"Wah ya memang harus khidmat kok, mas. Di tiap butir klepon ini ada kenangan, kerinduan, inspirasi dan penguatan sekaligus."
"Opo kuwi? Kok ana-ana wae lho."
"Saya itu kan dipaksa Bapak untuk sekolah di Jawa sejak lulus SMP to mas. Saya sebetulnya keberatan lho mas. Baru lulus SMP sudah harus meninggalkan rumah. Berpisah dengan Bapak, Ibu dan saudara. Berpisah dengan teman-teman."
Sebentar ia menyesap kopinya yang sudah dingin lalu melanjutkan.
"Harus hidup di kota yang vibenya beda dengan kota kelahiran saya. Sudah pasti di awal-awal saya tidak kerasan tinggal di sini. Tapi suatu saat, mbak Sekar membelikan saya klepon ini." Ia lalu mengambil dan membuka bungkusan klepon lagi.
"Saat itu ya baru pertama kali itu saya makan klepon. Karena sedang tidak mood, saat itu klepon itu ya hanya saya kulum beberapa saat. Tapi saat saya kunyah langsung mak cruuuttt rasa manis yang memenuhi rongga mulut saya. Lha saya kaget to?"
Baru kali ini Raya cerita mengenai hal ini.

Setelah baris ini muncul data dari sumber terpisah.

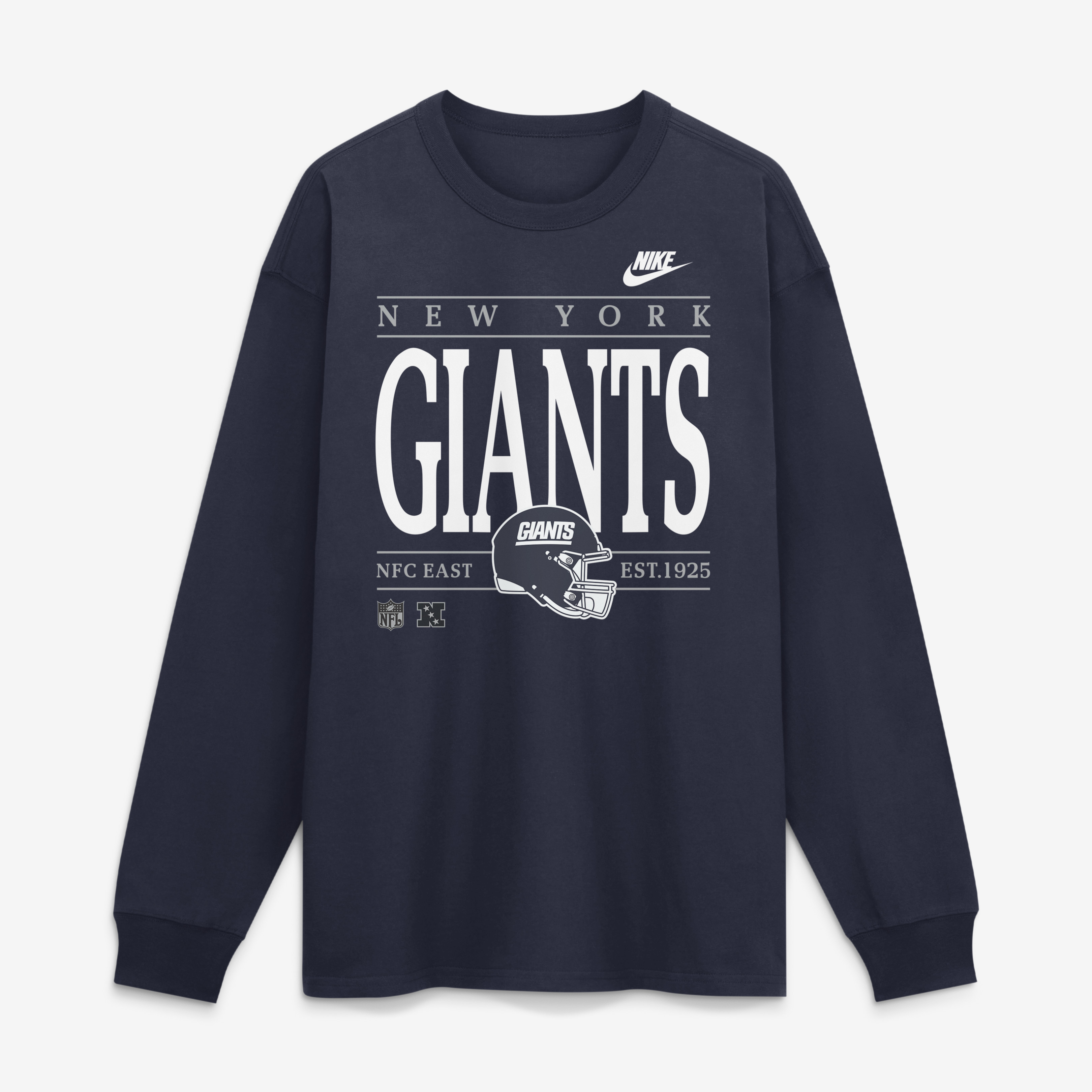 Men's Nike Navy New York Giants Red Zone Long Sleeve Max90 T-Shirt | Fanatics
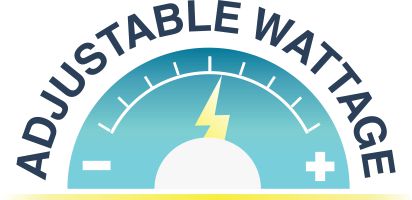 Adjustable Wattage Logo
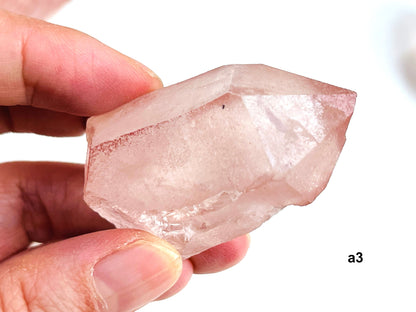 Pink Lemurian Quartz , (Scarlet Temple) Lemurian Quartz, Natural Pink Lemurian Quartz Seeds, Crystal Gifts, Raw Crystals -2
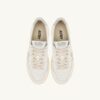 ZAPATILLAS DE PLATAFORMA MEDALIST EN PIEL BLANCA Y PLATA METALIZADA ZAPATILLAS DE PLATAFORMA MEDALIST EN PIEL BLANCA Y PLATA METALIZADA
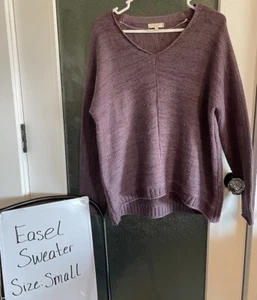 Easel Knitted Sweater Purple Sz S - Picture 1 of 4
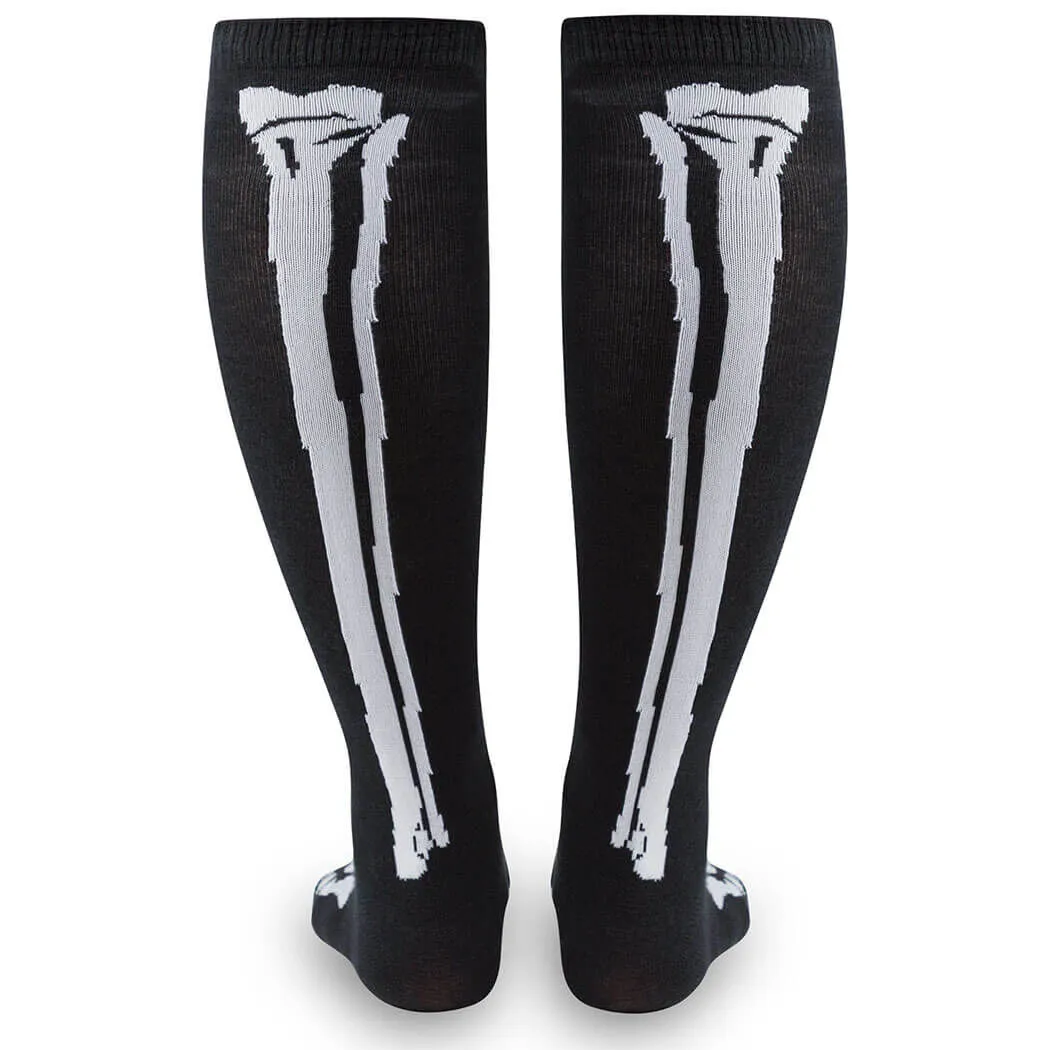 Yakety Yak Knee High Socks - Skeleton 5 Yakety Yak Knee High Socks - Skeleton - Image 3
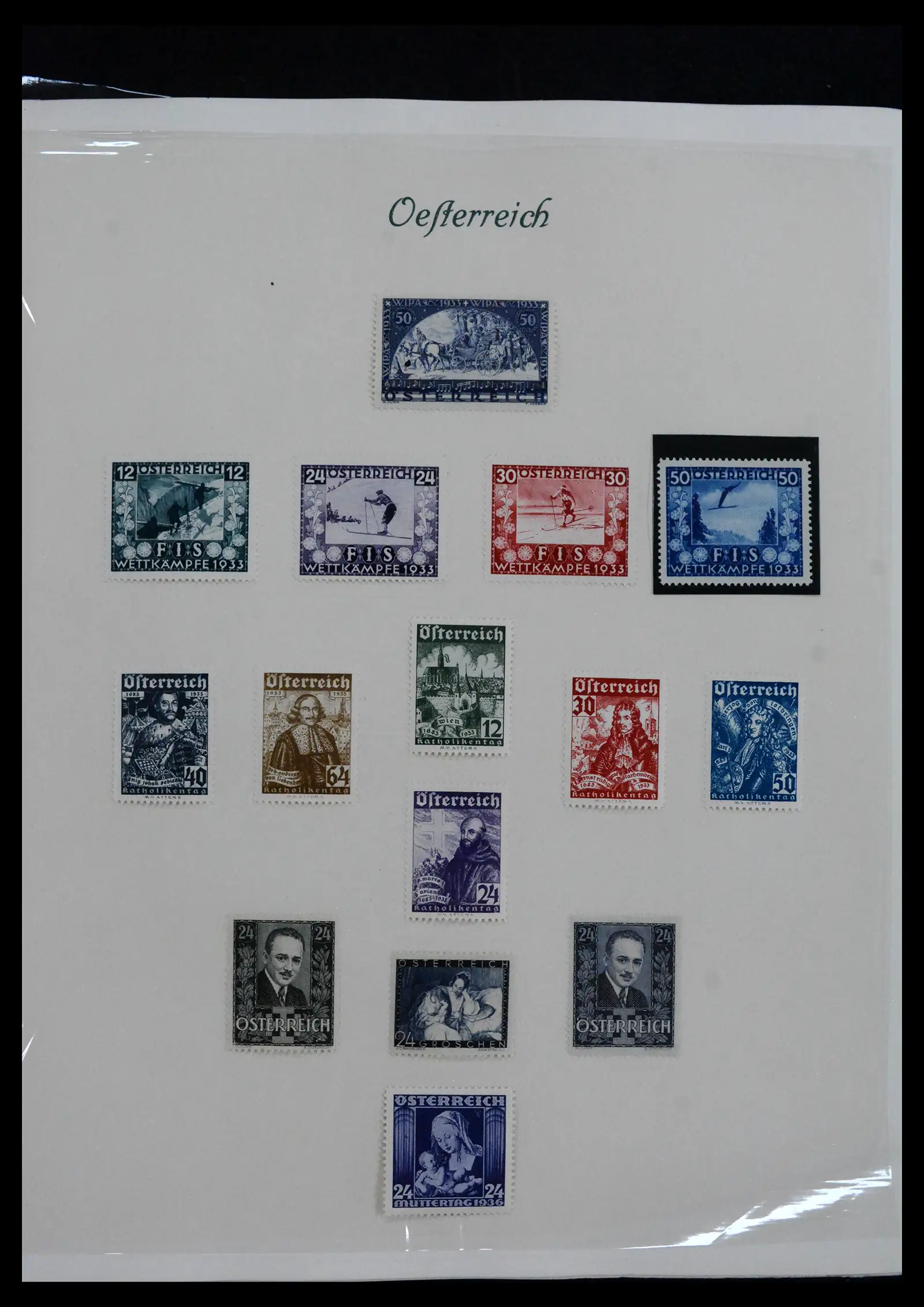 41705 0037 - Stamp collection 41705 Austria and territories complete 1850-1957.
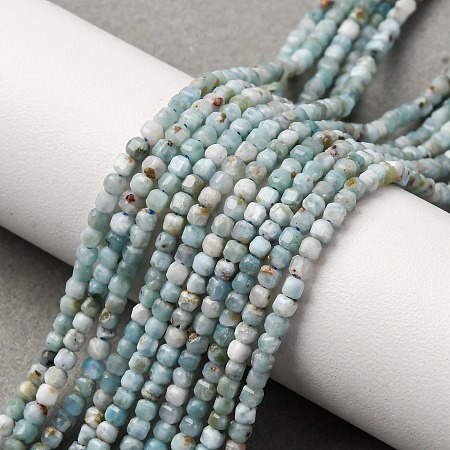 Natural Larimar Beads Strands G-F803-C01-01-1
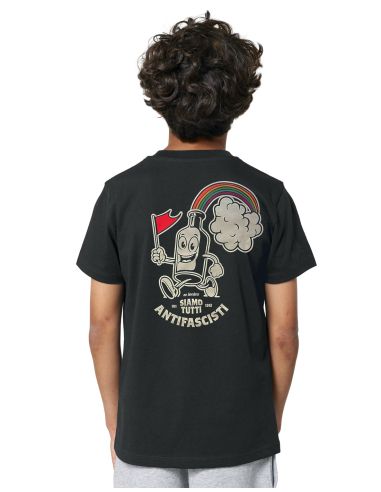 Rainbow Molli - No Borders - T-Shirt Kids - Black - @ No Borders
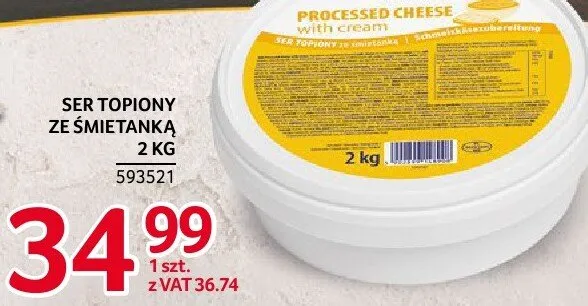 Ser topiony ze śmietanką Hochland 2 kg promocja w Selgros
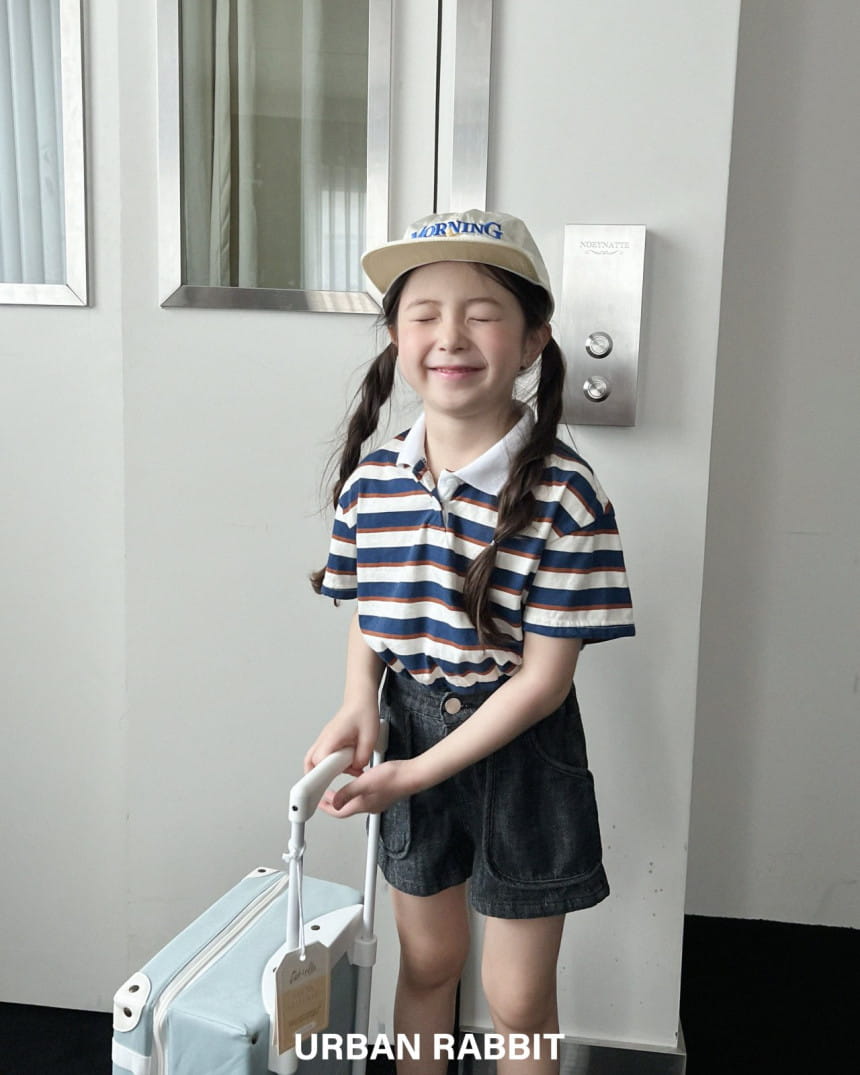 Urban Rabbit - Korean Children Fashion - #Kfashion4kids - Banding Crop Collar Tee - 7
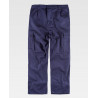Pantalón recto de algodón ligero y cintura elástica WORKTEAM B1456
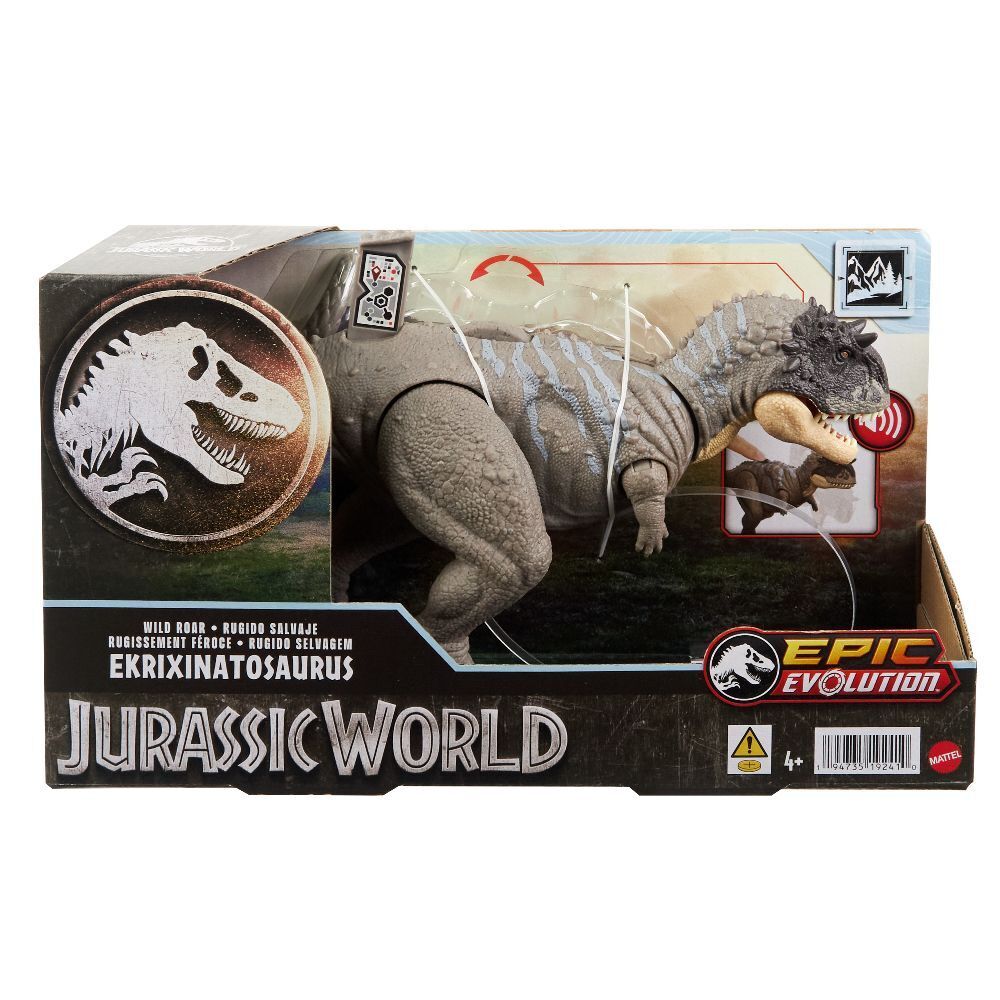 Cover: 194735192410 | Jurassic World Wild Roar Ekrixinatosaurus | Stück | Offene Verpackung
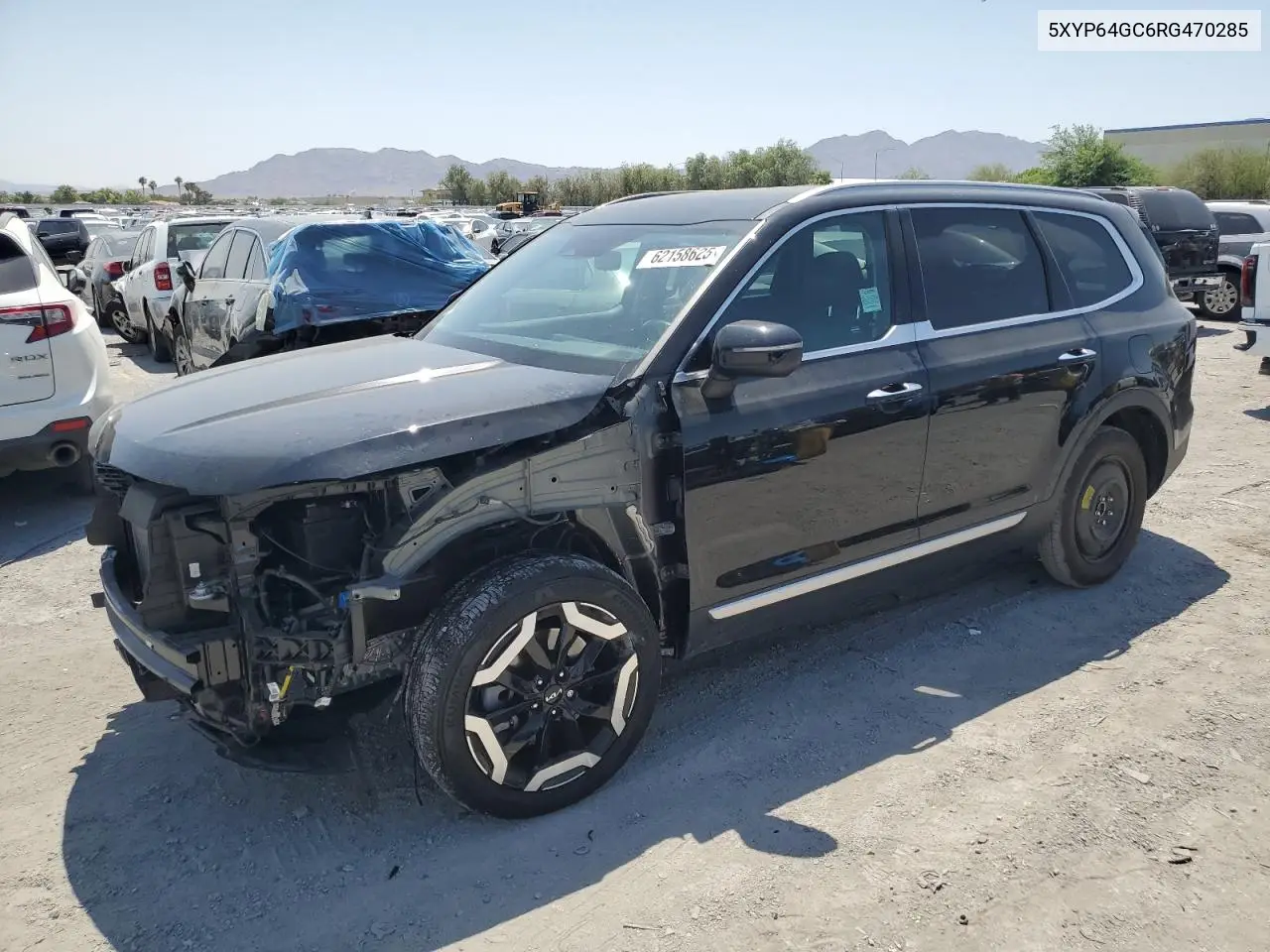 2024 Kia Telluride S VIN: 5XYP64GC6RG470285 Lot: 62158625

Mungkin baru sekarang ia merasa nyaman untuk menceritakannya.
"Ujug-ujug timbul dalam pikiran saya bahwa yang saya alami mirip-mirip dengan klepon. Awalnya hambar. Tapi pasti suatu saat akan manis juga. Mungkin di awal-awal berat harus berpisah dengan keluarga dan teman-teman saya. Tapi suatu saat pasti ada imbalan yang manis."
 Bulatan klepon yang ke-enam kembai masuk ke mulut Raya.